Ahmad Yaseen
Azure Blob Storage Dataset

How to use iterations and conditions activities in Azure Data Factory

December 17, 2020 by

In the previous articles, we discussed how to create an Azure Data Factory pipeline to copy data between different data stores that are located in on-premises servers or in the cloud, how to transform data using Azure Data factory Mapping Dataflow activity and how to run an SSIS package using Azure Data Factory.

In this article, we will show how to use the Iterations and Conditions activities in the Azure Data Factory.

Demo Overview

In the demo that we will discuss in this article, we will create an Azure Data Factory pipeline, that will read data stored in CSV files located in an Azure Blob Storage container, making sure that the file extension is CSV and the size of the file larger than or equal to 1KB, and write the data to an Azure SQL Database table.

Prerequisites

In order to create that pipeline, make sure that you have an Azure Data Factory, an Azure Storage account where the CSV files are stored, as shown below:

Blob container where the files are stored

And an Azure SQL Database where the data will be written, where we need to add the current client IP address to the Azure SQL Database firewall settings, in order to be able to connect using SSMS from my machine, and enable Allow Azure Services and Resources to access this Server firewall setting to allow the Azure Data Factory to access it, as shown below:

Azure SQL DB firewall settings

Getting started

Linked Services and DataSets

The first step in creating the Azure Data Factory pipeline is creating the source and sink linked services and datasets.

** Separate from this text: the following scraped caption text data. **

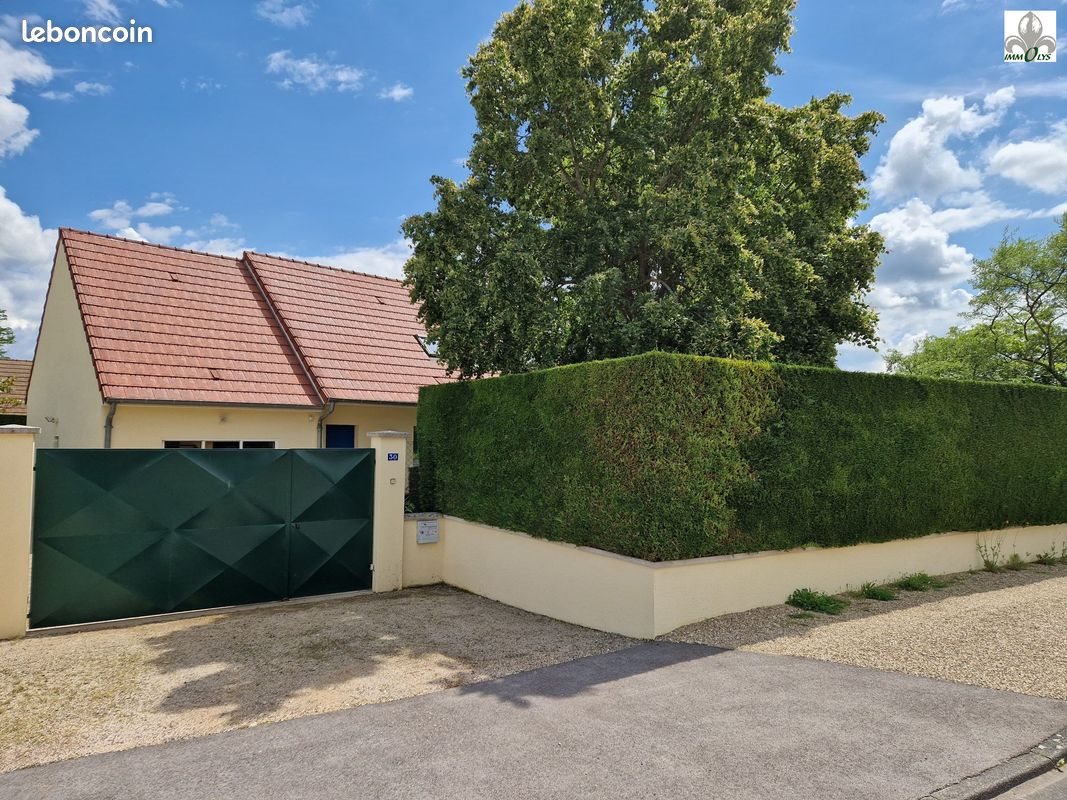Maison à vendre, 130m², Beaune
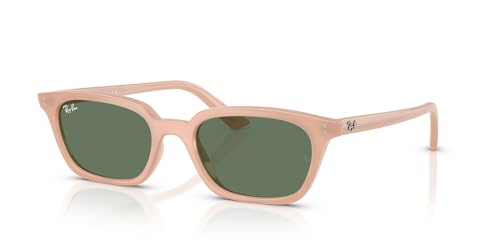 Image of Ray-Ban Unisex UV Protected Pillow Sunglasses - 0RB4456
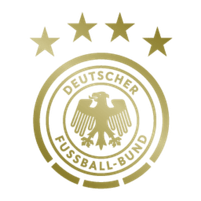 Alemanha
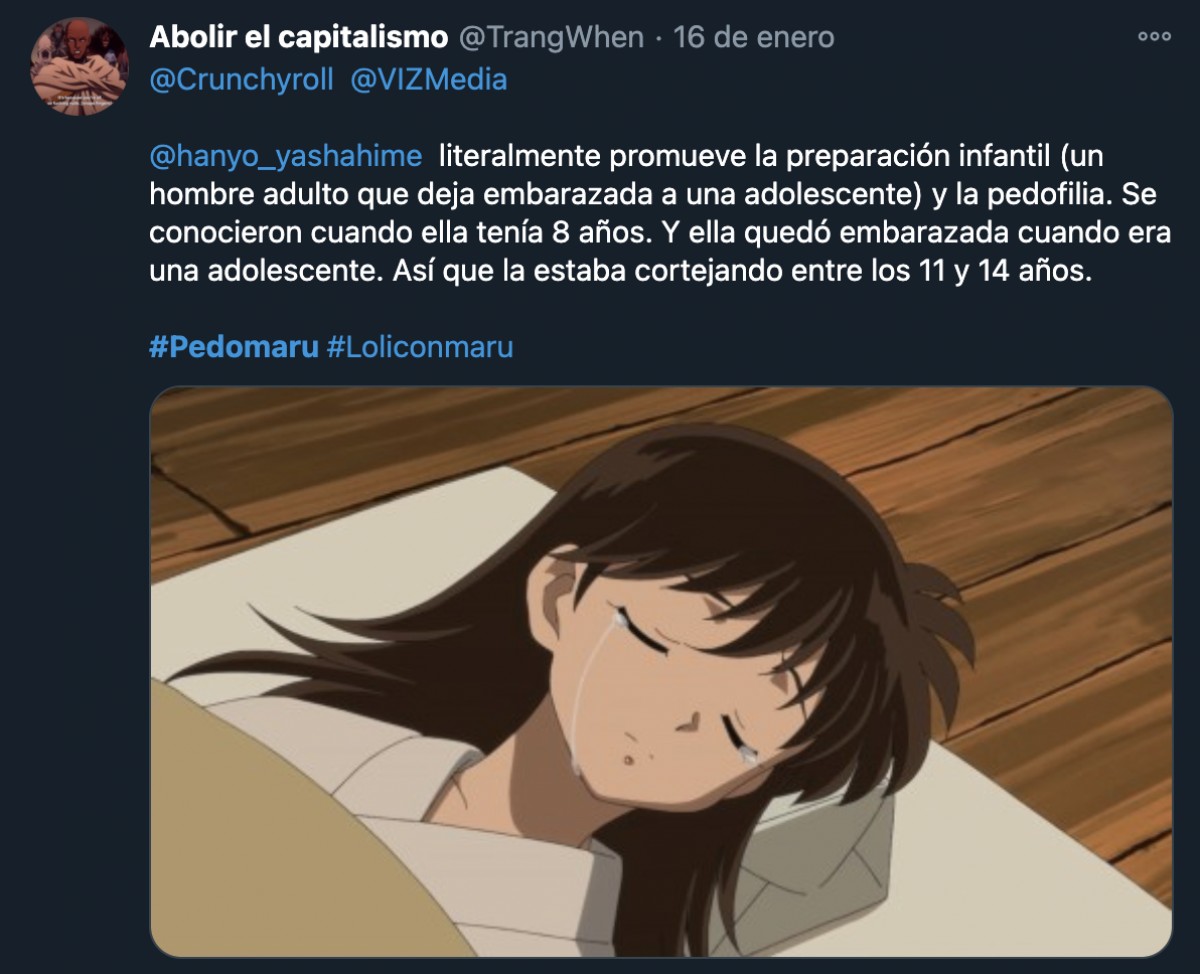 aweita.pe aweita.pe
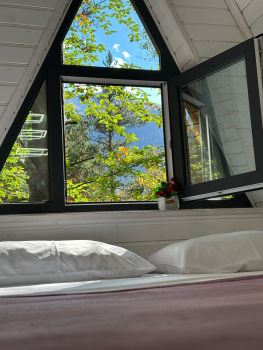 Коттедж 7 — фото 2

To achieve that, open the Azure Data Factory, click on Author & Monitor to launch the Data Factory UI.

From the opened Azure Data Factory UI in the Azure Portal, click on the Manage button to create the Linked Services, as shown below:

Manage option of Azure Data Factory

Now, we need to create the linked service that points to the Azure Blob Storage container where the CSV files are stored. To create the linked service, click on the Linked Services option under the Connections list, then click on the New button, as below:

New Linked Service

From the New Linked Service window, choose the Azure Blob Storage data store, then click Continue to proceed:

Azure blob storage data store

In the new Azure Blob Storage Linked service window, provide a meaningful name for the linked service, the Integration Runtime that will be used to connect to the Azure Blob Storage, which is Azure IR in our case, the authentication method that will be used to connect to that storage account, the Azure Subscription where this storage account is created and the name of that storage account.

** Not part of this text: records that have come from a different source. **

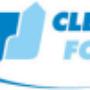 Cleanforce AG, Studen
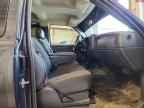 2004 CHEVROLET Silverado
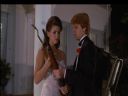 Filmo�ercy - jaki to film? :::kadr 383::: - Enc0re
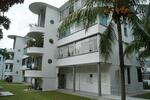 27 Lim Liak Street #0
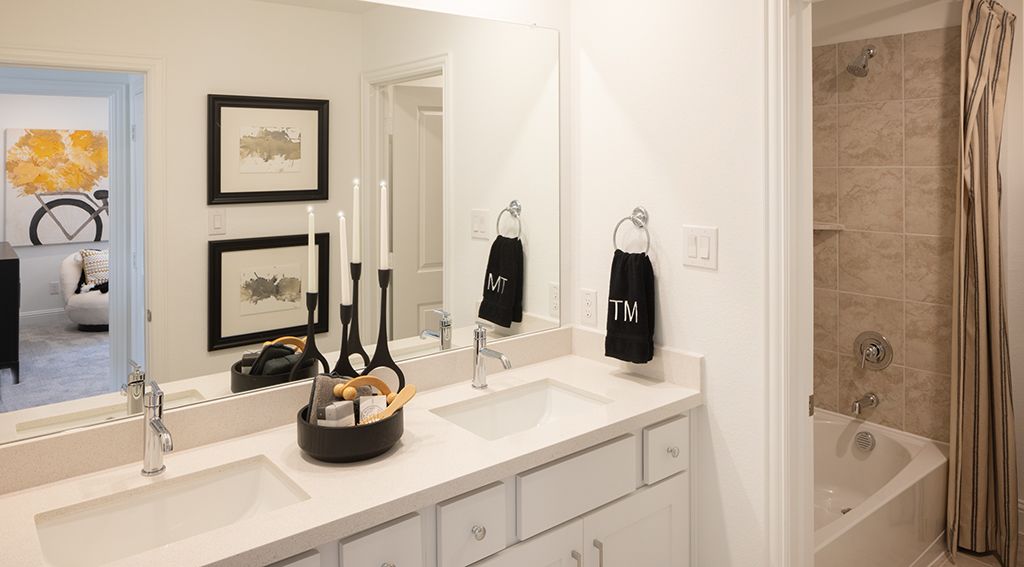 Primary Bath (2)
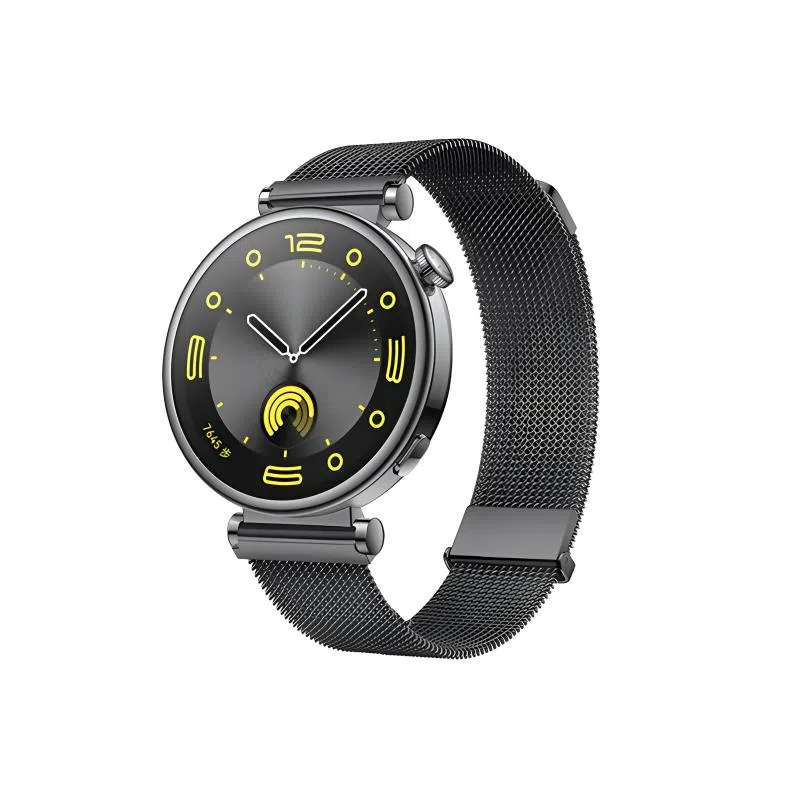 IBOANN GT54GT5prowatch gt54146mmGT4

After providing all required information, click on Test Connection to verify whether we are able to connect to that storage account using the provided information or not then click Create if the connection is tested successfully, as shown below:

New Linked Service for the Source blob storage

And the created Azure Blob Storage linked service that will act as the data source in our pipeline will be shown in the linked services list, as below:

Source Linked Service

With the source linked service created, we need to create the source dataset, which points to the container, folder or file under the source storage account that contains the source data.

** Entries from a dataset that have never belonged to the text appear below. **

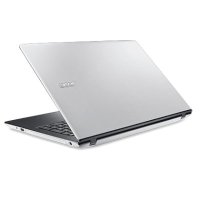 ноутбук Acer Aspire E5-576G-51AX Черный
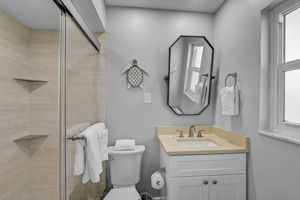 5830 Midnight Pass Rd - Unit #89-18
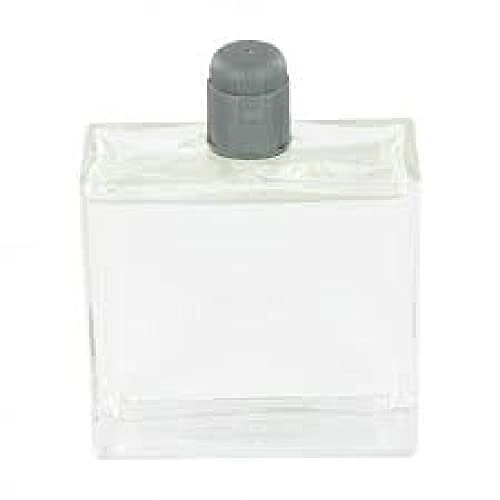 Romance Eau de Parfum 100 ml
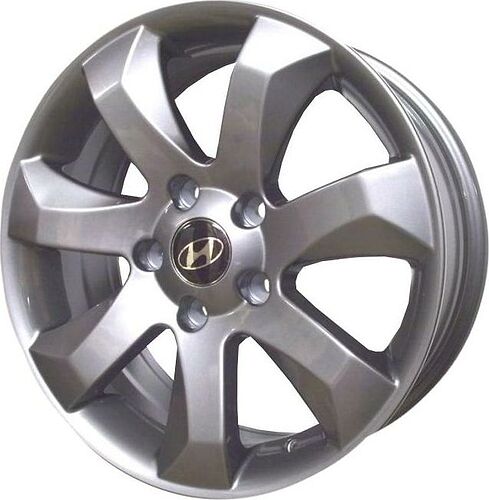 Replica HND212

To create a new dataset, click on the Author button, choose Datasets under the Factory Resources list, choose to create a New dataset, as shown below:

New Dataset

In the New Dataset window, choose Azure Blob Storage data store, then click Continue to proceed:

Azure Blob Storage Dataset

In the Select Format window, choose DelimitedText format as we will read from CSV files, as shown below:

Select Format

From the DataSet Set Properties window, provide a meaningful name for the source dataset, the linked service that contains the connection information for that dataset, browse to identify the container and the folder where the data source files are located and check the “First row as header” option if the CSV files contain the names of the columns in the first row, then click OK to proceed:

DataSet Set Properties window

Before saving all dataset settings, review the delimiter and path settings then click Save to create the dataset, as below:

Dataset settings review

You can also click on the Preview option to review the shape of the source data, as shown below:

Data Preview

Let us move to the next step, in which we need to create the linked service and dataset for the sink data store, which is the Azure SQL Database in this demo.

We will follow the same steps, but this time, from the New Linked Service data stores, we will choose the Azure SQL Database store then click Continue to proceed:

New Sink linked service

In the New Linked Service window, provide a meaningful name for the Azure SQL DB linked service, the Integration Runtime that will be used to connect to that database, which the Azure IR in this scenario, the subscription where this database is created, the name of the Azure SQL server and database and finally the credentials that will be used to connect to that Azure SQL Database.

After providing all required information, click on Test Connection to verify whether we are able to connect to that Azure SQL Database using the provided information or not then click Create if the connection is tested successfully, as shown below:

Azure SQL Database linked Service

And the created Azure SQL Database linked service that will act as the data sink in our pipeline will be shown in the linked services list, as below:

Sink linked service

With the sink linked service created successfully, we will create the dataset that points to the database table where the data will be written in the Azure Data Factory pipeline.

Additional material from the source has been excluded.